*** Entries shown ***

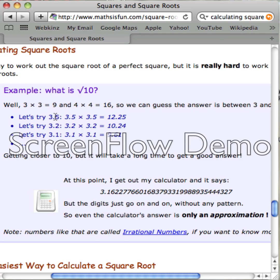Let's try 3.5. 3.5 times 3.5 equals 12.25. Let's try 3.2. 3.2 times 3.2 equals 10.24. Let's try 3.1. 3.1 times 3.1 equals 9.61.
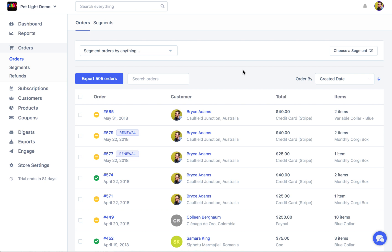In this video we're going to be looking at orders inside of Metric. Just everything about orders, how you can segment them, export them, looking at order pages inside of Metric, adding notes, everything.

*** End of Entries shown ***
*** Entries shown ***

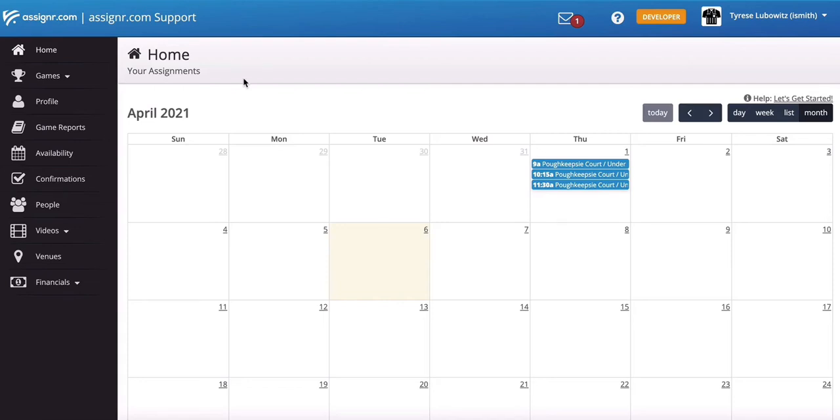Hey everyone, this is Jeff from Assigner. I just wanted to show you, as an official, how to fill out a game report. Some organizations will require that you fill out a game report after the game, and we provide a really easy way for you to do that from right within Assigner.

*** End of Entries shown ***

Instructions to follow: Above are some records. Reproduce the lines from the one with "Let's try 3.5." down to the one with "In this video", keeping both, and leave every picture out.

Exercise result:
Let's try 3.5. 3.5 times 3.5 equals 12.25. Let's try 3.2. 3.2 times 3.2 equals 10.24. Let's try 3.1. 3.1 times 3.1 equals 9.61.
In this video we're going to be looking at orders inside of Metric. Just everything about orders, how you can segment them, export them, looking at order pages inside of Metric, adding notes, everything.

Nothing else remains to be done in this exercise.